[Exercise objective]
Take the data below and copy exactly the lines starting at the one with "Maribu Leather Mila Nappy Backpack in Walnut" and finishing at the one with "Brooks Brothers Mens", both included.

[Scraped caption text data]
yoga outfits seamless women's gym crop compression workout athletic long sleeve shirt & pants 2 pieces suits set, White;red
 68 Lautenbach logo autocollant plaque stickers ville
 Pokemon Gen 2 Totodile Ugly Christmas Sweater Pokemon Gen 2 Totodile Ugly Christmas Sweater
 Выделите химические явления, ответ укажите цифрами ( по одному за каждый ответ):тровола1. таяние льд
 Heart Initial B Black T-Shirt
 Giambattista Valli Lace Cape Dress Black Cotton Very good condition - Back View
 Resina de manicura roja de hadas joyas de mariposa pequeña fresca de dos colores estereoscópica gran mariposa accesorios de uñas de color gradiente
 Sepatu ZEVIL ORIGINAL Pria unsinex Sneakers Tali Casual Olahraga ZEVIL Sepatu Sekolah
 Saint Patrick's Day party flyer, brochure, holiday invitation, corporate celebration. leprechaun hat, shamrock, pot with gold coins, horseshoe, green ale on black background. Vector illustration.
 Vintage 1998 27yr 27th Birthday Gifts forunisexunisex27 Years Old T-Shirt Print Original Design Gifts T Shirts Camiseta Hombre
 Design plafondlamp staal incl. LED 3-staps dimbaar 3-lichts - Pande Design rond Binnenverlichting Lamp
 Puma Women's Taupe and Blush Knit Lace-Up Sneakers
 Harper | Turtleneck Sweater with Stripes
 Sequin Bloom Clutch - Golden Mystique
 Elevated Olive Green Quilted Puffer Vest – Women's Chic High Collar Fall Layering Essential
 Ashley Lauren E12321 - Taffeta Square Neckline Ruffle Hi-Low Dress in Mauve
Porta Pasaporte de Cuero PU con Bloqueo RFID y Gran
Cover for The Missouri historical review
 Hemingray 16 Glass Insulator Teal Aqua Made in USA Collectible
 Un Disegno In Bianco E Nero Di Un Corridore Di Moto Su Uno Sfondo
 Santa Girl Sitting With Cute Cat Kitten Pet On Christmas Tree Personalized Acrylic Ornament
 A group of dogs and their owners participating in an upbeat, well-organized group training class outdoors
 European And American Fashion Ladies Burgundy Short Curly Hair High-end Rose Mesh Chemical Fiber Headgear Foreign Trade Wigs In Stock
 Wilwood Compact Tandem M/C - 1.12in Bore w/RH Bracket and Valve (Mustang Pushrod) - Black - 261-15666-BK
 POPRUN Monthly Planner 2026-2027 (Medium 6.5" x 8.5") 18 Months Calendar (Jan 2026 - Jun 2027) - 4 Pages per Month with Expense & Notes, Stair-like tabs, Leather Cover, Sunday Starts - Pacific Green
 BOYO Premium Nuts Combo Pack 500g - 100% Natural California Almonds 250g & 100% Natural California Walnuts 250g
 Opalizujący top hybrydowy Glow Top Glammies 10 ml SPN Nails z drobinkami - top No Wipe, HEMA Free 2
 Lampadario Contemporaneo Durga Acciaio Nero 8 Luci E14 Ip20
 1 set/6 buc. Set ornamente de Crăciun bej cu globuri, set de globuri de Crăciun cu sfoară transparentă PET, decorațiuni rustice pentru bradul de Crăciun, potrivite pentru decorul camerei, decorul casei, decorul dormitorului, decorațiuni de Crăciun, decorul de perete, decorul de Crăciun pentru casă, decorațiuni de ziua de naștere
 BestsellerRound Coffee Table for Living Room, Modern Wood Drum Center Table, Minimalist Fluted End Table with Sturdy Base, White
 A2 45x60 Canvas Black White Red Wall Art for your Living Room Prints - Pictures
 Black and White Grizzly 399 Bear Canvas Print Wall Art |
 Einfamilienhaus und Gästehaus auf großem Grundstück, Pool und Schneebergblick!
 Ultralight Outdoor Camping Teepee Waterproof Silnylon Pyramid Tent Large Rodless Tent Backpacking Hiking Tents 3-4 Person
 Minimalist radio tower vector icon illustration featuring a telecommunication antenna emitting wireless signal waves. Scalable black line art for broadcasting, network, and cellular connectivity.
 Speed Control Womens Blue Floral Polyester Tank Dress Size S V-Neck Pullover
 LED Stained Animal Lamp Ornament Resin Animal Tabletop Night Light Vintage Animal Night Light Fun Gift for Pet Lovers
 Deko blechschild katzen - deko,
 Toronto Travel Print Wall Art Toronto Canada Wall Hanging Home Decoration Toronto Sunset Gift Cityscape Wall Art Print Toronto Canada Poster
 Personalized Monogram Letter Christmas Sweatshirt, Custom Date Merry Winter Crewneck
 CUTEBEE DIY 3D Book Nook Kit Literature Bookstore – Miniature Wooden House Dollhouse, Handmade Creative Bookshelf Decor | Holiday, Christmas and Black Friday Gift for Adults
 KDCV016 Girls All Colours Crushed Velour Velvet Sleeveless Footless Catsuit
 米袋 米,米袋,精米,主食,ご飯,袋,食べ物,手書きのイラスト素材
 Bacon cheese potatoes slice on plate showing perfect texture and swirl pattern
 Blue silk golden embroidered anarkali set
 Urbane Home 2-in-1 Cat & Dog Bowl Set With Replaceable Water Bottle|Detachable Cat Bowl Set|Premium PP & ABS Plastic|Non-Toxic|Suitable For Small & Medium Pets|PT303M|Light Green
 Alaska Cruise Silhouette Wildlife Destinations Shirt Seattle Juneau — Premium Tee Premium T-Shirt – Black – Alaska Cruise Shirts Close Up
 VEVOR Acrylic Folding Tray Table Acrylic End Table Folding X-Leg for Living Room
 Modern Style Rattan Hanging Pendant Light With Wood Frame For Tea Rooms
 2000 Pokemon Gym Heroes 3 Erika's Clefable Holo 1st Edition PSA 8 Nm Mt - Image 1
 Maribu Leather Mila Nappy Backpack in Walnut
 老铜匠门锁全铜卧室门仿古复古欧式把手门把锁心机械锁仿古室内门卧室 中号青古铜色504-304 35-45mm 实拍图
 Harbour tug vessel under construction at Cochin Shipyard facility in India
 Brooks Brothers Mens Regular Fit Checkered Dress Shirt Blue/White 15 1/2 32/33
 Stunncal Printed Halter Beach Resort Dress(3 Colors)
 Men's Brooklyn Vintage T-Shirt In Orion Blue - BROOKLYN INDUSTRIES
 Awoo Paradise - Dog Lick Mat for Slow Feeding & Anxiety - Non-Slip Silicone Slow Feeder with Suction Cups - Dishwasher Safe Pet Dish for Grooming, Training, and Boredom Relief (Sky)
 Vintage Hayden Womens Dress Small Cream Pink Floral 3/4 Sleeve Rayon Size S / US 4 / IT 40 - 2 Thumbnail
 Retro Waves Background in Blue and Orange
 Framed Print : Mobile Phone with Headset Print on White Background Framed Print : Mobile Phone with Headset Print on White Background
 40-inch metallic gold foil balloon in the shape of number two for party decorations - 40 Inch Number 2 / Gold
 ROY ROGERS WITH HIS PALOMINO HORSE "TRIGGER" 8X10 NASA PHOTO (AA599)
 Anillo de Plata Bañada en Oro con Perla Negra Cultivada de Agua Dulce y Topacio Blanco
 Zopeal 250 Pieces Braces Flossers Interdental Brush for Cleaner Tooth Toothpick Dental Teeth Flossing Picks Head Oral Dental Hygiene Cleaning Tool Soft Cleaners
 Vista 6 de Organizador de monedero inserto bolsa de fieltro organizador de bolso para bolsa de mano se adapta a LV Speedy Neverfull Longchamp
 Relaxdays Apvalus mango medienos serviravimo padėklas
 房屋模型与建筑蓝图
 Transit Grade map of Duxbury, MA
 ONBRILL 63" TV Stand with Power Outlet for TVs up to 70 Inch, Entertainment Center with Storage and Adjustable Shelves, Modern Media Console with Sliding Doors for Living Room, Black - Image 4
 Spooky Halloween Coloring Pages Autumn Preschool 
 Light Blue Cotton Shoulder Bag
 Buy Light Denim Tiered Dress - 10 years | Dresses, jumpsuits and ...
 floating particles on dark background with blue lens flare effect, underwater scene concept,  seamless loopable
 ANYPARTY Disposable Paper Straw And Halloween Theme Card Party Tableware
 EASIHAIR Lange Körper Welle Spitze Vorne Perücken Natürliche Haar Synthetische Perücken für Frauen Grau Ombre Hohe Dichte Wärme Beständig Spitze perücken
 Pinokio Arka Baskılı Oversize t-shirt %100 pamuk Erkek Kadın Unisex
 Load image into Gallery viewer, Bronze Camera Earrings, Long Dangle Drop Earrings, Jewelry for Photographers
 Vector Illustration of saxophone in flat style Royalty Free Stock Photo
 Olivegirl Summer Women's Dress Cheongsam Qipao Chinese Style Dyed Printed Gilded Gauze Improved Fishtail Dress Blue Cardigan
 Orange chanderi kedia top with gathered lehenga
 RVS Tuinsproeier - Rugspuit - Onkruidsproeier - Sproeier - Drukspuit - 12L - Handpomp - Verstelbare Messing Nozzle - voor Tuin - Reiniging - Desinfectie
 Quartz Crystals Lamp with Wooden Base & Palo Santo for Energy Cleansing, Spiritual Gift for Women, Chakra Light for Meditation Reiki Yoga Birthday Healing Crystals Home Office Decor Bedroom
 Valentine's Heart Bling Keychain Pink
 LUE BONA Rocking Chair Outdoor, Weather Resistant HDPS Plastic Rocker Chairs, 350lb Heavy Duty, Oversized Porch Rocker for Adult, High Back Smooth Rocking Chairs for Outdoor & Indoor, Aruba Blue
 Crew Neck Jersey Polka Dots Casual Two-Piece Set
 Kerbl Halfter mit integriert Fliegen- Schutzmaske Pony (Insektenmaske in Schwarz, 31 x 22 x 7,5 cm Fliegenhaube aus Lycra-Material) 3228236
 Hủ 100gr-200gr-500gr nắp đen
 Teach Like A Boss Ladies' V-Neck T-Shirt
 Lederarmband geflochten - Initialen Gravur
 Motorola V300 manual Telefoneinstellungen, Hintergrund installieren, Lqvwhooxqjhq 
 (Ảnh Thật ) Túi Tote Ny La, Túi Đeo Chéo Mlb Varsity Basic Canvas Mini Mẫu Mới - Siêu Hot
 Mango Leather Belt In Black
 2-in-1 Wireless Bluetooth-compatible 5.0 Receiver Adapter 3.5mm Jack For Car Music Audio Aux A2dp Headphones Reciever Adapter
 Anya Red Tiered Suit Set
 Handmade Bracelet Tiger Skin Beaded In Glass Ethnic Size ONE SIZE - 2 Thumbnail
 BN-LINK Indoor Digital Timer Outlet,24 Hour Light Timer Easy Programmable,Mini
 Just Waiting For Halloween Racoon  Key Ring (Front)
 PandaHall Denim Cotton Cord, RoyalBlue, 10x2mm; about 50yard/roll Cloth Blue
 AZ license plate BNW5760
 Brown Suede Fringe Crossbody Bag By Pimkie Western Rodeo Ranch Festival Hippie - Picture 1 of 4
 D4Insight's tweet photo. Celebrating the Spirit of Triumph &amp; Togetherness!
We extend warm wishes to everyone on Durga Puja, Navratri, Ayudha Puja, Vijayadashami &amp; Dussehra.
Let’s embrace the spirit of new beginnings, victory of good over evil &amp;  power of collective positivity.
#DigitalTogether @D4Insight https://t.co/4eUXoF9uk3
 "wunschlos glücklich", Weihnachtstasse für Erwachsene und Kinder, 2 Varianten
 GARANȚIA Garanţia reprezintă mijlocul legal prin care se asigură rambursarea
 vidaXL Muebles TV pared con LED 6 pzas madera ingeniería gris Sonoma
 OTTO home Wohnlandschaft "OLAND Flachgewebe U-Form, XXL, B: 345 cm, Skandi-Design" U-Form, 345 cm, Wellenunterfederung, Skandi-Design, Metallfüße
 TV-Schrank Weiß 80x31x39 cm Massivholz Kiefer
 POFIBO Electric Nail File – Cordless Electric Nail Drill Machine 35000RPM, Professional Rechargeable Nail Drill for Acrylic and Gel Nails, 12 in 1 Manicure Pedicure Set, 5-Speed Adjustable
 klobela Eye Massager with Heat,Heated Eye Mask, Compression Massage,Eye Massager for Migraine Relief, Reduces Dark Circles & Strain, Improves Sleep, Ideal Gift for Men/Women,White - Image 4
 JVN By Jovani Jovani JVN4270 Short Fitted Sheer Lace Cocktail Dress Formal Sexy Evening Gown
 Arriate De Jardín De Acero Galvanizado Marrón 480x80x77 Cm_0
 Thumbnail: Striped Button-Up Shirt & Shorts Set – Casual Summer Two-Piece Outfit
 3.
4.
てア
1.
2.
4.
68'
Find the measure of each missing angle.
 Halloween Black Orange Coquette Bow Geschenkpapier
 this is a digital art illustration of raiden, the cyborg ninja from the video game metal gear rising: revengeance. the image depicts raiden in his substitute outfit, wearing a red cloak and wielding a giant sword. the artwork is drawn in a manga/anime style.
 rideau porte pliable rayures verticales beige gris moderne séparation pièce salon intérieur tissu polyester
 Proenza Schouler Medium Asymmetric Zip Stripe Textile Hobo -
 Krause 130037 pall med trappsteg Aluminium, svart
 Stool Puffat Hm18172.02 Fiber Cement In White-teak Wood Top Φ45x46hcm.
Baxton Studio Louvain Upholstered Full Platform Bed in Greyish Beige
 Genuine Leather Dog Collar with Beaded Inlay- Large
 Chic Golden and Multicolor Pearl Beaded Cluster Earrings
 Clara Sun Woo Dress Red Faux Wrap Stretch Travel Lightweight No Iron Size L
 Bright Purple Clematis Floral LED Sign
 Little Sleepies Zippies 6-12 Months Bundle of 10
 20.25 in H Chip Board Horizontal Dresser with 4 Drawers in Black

[Result of this exercise]
 Maribu Leather Mila Nappy Backpack in Walnut
 老铜匠门锁全铜卧室门仿古复古欧式把手门把锁心机械锁仿古室内门卧室 中号青古铜色504-304 35-45mm 实拍图
 Harbour tug vessel under construction at Cochin Shipyard facility in India
 Brooks Brothers Mens Regular Fit Checkered Dress Shirt Blue/White 15 1/2 32/33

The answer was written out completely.